The bill and related legislation is being described by some involved in the process as the biggest sentencing reform in years in Pennsylvania. It will allow the early release of some prisoners, including drug and petty theft offenders, if they complete educational and job-training programs.

"This represents a new approach to criminal justice for offenders convicted of nonviolent crimes," said House Speaker Dennis M. O'Brien (R-Philadelphia), one of the bills' chief advocates. "It will make the public safer, ensure that offenders receive services essential to break the cycle of crime, reduce duplication of efforts that waste taxpayer dollars, and ensure that crime victims are treated fairly," he told the Philadelphia Inquirer.
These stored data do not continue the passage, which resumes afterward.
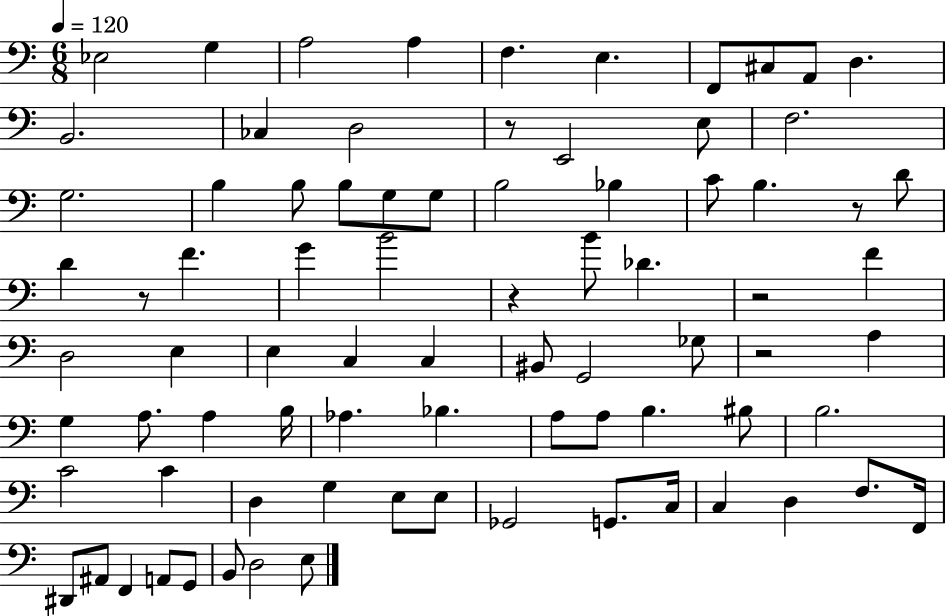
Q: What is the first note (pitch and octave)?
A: Eb3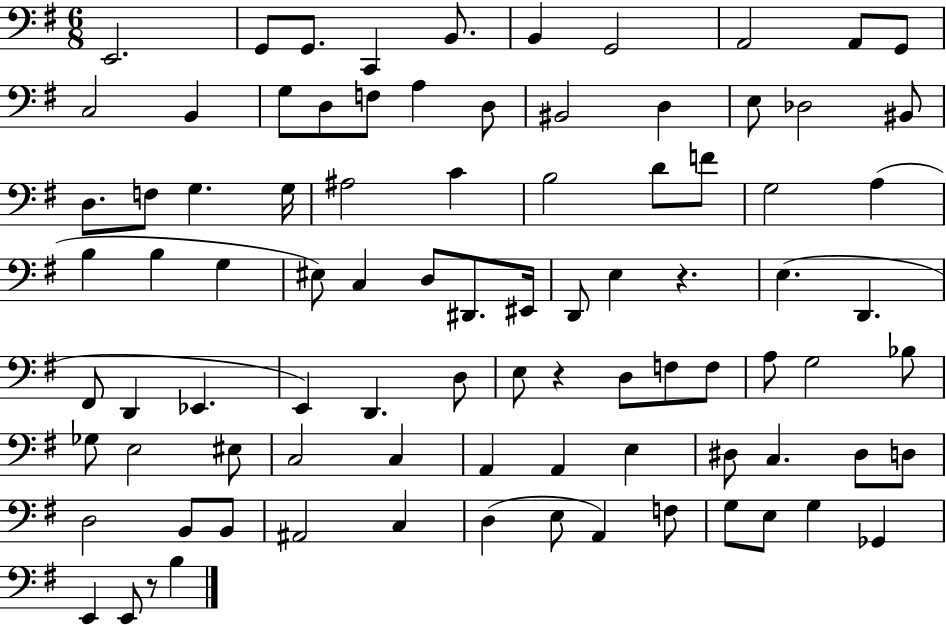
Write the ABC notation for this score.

X:1
T:Untitled
M:6/8
L:1/4
K:G
E,,2 G,,/2 G,,/2 C,, B,,/2 B,, G,,2 A,,2 A,,/2 G,,/2 C,2 B,, G,/2 D,/2 F,/2 A, D,/2 ^B,,2 D, E,/2 _D,2 ^B,,/2 D,/2 F,/2 G, G,/4 ^A,2 C B,2 D/2 F/2 G,2 A, B, B, G, ^E,/2 C, D,/2 ^D,,/2 ^E,,/4 D,,/2 E, z E, D,, ^F,,/2 D,, _E,, E,, D,, D,/2 E,/2 z D,/2 F,/2 F,/2 A,/2 G,2 _B,/2 _G,/2 E,2 ^E,/2 C,2 C, A,, A,, E, ^D,/2 C, ^D,/2 D,/2 D,2 B,,/2 B,,/2 ^A,,2 C, D, E,/2 A,, F,/2 G,/2 E,/2 G, _G,, E,, E,,/2 z/2 B,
"We have a serious problem here in Pennsylvania with the numbers of people we are sending to prison," said William DiMascio, whose organization, The Prison Society, advocates on behalf of prisoners. "With so many new people entering the system, and with sentences becoming longer and parole becoming tighter, it was inevitable that we would reach a point of saturation. With prisons at capacity -- and beyond capacity -- you begin to have dangerous conditions, both for the people held there and for the people who work there," he said. "Doing nothing was not an option."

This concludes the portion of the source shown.